Monday, April 26, 2010

New Promise

The office is locked, not hugely surprising considering it's 11:30 p.m. Guess the postcards will have to wait a couple more days before beginning their journey up to San Diego. Pulling my blanket a little tighter, I slow my steps as the sound of the ocean hitting the beach becomes as clear as the salty air I'm breathing. I wander back across the dirt street separating the base and the apartments, being sure to hop the ditch in the middle. In the unusually plentiful rain in the last couple months, thousands of  pretty yellow flowers and grass have popped up in every vacant lot and hillside. So has the mud. 
A cloudy black-gray sky hangs above the parking lot as I climb the stairs. Leaning against a huge pillar outside our second story apartment, I look back towards the base and begin to process the last couple days. Our staff retreat ended just a few hours ago. We'd flown in one of my favorite DTS speakers, Tim Pratt, to teach on team and family and help us evaluate how we're doing as a staff. We spent hours soaking and worshipping and processing. Tim taught on us as individuals and a family- spiritual gifts, the body of Christ, really loving each other. I don't think anyone expected it to be so intense. We're not okay. We tend to let what Tim called "superficial harmony" take the place of really trusting each other. Many of us are hurting and lonely, but really good at pretending we're fine. Instead of dealing with our issues with each other or our leaders, we gossip and complain to other people or get bitter. We feel judged. We hide. We put up walls to protect ourselves. And today, we started talking about it. Crying about it and apologizing. Being honest. Owning up.

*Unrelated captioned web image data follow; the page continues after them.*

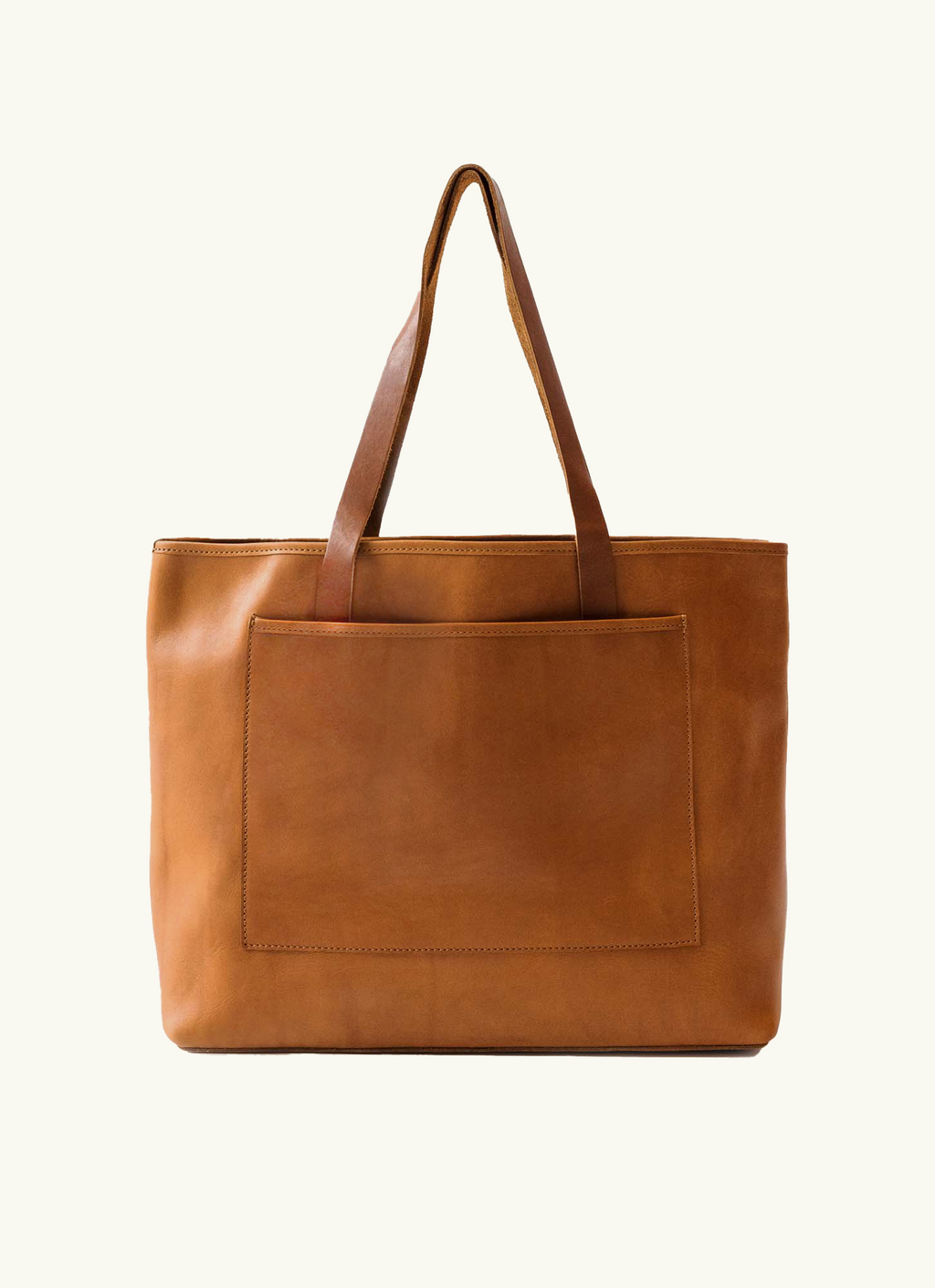 Übergroße Zipper Tote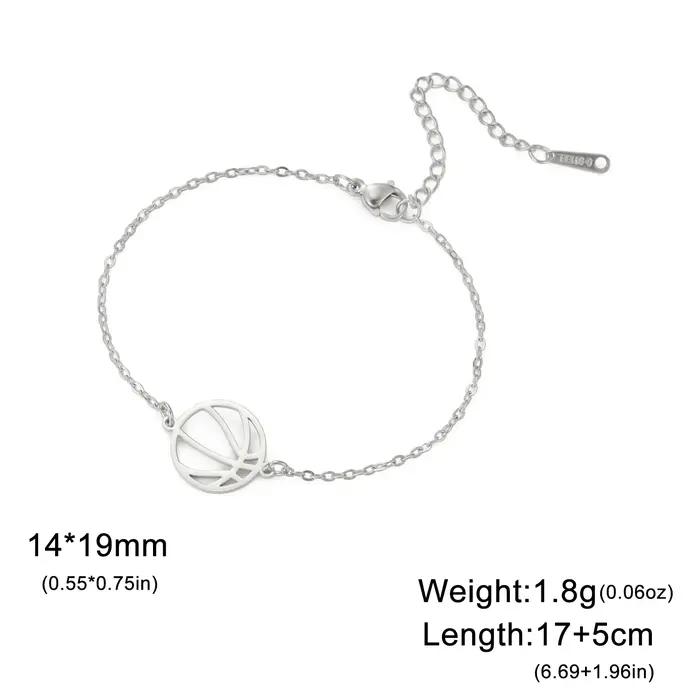 Unift Bracelets JOBracelets de basket-ball pour femmes, boule en acier inoxydable, breloques, mode,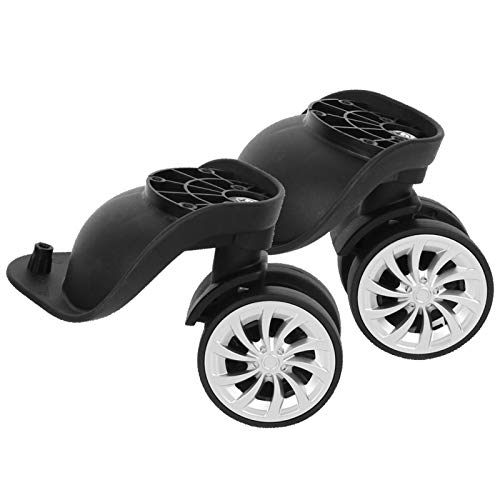 Roda de reposição de bagagem ecologicamente correta, acessório de bagagem preto, estojo para mala de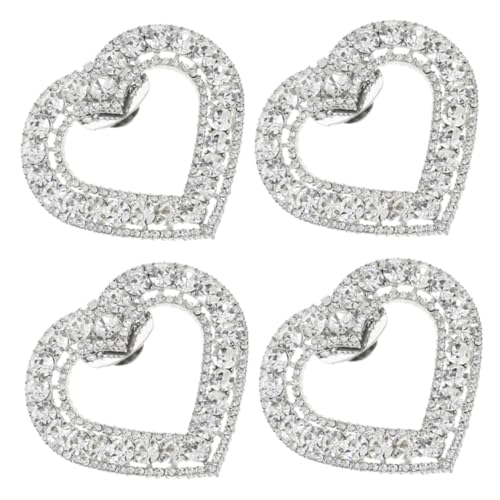 Healvian 4 Stück Abnehmbare Strass Schnallen für Damen Hochzeits und Party Schuhaccessoires für Hohe Absätze Healvian 4 Stück Abnehmbare Strass Schnallen für Damen Hochzeits und Party Schuhaccessoires für Hohe Absätze von Healvian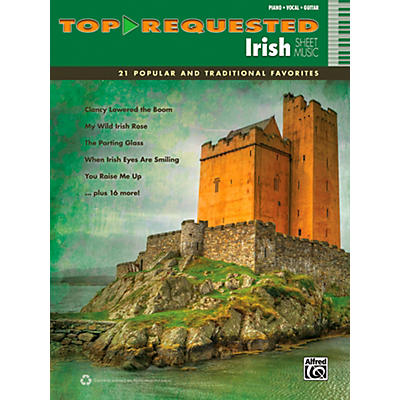 Alfred Top-Requested Irish Sheet Music - P/V/C Book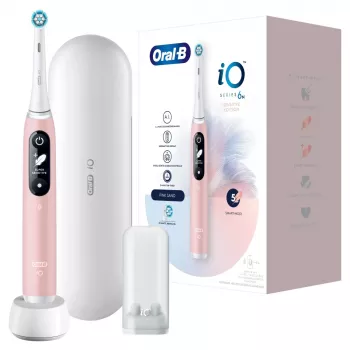 Oral-B 445197 elektrinis dantų šepetėlis suaugusiesiems vibruojantis dantų šepetėlis Rožinė, Balta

I sigh. I know that doesn't mean it's fixed. You don't fix years of doing family wrong in a day. But it's a good start. Today tells me we have the potential to change things, and that's worth smiling about. Worth being vulnerable for. Maybe we really can start protecting each other and our leaders rather than protecting ourselves. Or assuming the best rather than worst. Choosing courage rather than passivity.
A breeze rustles the palm leaves in a row of trees, silhoutted against the sky by the street light. "Love God. Love others. Start with each other." Tim's paraphrase of Matthew 22:35-40. It starts with you, ya' know, I remind myself. I'm not innocent of any of those things I find it so easy to judge other people for.
That breeze caresses my face. I smile, getting the unspoken message. He loves broken people. That includes me. And He chooses to paint Himself across us. Chooses us to be Him to other people. And like a puzzle, that portrait of him would be incomplete if any of us were missing. I don't have to be all of Him. But I'm needed to complete the picture.
Breathing in the peace in the chilly night and sharing a final, relieved smile with a Friend, I grab my postcards to mail tomorrow and let myself in, the promise following me.